Items from a data source:
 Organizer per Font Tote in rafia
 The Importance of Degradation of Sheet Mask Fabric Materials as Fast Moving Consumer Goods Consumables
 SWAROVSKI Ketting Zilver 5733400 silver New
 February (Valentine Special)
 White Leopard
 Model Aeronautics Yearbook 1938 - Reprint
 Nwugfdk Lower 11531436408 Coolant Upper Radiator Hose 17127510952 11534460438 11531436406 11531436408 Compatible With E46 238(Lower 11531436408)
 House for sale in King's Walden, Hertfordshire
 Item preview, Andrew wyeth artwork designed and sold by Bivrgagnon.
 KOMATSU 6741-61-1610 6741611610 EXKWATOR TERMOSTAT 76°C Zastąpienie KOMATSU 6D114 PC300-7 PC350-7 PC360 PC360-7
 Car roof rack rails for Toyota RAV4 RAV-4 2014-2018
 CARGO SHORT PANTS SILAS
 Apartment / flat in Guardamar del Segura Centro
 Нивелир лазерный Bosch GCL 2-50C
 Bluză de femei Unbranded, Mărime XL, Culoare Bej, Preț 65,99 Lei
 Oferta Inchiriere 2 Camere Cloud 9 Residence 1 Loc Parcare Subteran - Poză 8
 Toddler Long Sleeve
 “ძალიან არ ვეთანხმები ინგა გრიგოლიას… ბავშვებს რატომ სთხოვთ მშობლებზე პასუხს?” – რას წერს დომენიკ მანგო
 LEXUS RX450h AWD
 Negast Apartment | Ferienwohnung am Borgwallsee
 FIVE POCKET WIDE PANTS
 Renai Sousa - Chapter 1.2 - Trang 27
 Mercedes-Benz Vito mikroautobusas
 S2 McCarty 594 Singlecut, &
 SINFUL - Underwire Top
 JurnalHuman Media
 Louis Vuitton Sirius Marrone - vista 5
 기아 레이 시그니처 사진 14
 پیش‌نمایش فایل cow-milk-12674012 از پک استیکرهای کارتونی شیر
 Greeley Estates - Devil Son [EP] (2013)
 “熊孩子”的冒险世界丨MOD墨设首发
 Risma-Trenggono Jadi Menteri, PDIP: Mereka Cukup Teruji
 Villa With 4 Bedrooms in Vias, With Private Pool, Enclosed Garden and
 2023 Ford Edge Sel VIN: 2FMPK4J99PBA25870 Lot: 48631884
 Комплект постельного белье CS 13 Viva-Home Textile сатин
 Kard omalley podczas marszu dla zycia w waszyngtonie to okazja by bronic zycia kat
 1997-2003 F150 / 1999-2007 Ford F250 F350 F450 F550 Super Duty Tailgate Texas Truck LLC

EXERCISE BRIEF
Respond with the exact lines running from the one that contains "Bluză de femei" through the last line of the data above, and no other lines.

EXERCISE RESPONSE
 Bluză de femei Unbranded, Mărime XL, Culoare Bej, Preț 65,99 Lei
 Oferta Inchiriere 2 Camere Cloud 9 Residence 1 Loc Parcare Subteran - Poză 8
 Toddler Long Sleeve
 “ძალიან არ ვეთანხმები ინგა გრიგოლიას… ბავშვებს რატომ სთხოვთ მშობლებზე პასუხს?” – რას წერს დომენიკ მანგო
 LEXUS RX450h AWD
 Negast Apartment | Ferienwohnung am Borgwallsee
 FIVE POCKET WIDE PANTS
 Renai Sousa - Chapter 1.2 - Trang 27
 Mercedes-Benz Vito mikroautobusas
 S2 McCarty 594 Singlecut, &
 SINFUL - Underwire Top
 JurnalHuman Media
 Louis Vuitton Sirius Marrone - vista 5
 기아 레이 시그니처 사진 14
 پیش‌نمایش فایل cow-milk-12674012 از پک استیکرهای کارتونی شیر
 Greeley Estates - Devil Son [EP] (2013)
 “熊孩子”的冒险世界丨MOD墨设首发
 Risma-Trenggono Jadi Menteri, PDIP: Mereka Cukup Teruji
 Villa With 4 Bedrooms in Vias, With Private Pool, Enclosed Garden and
 2023 Ford Edge Sel VIN: 2FMPK4J99PBA25870 Lot: 48631884
 Комплект постельного белье CS 13 Viva-Home Textile сатин
 Kard omalley podczas marszu dla zycia w waszyngtonie to okazja by bronic zycia kat
 1997-2003 F150 / 1999-2007 Ford F250 F350 F450 F550 Super Duty Tailgate Texas Truck LLC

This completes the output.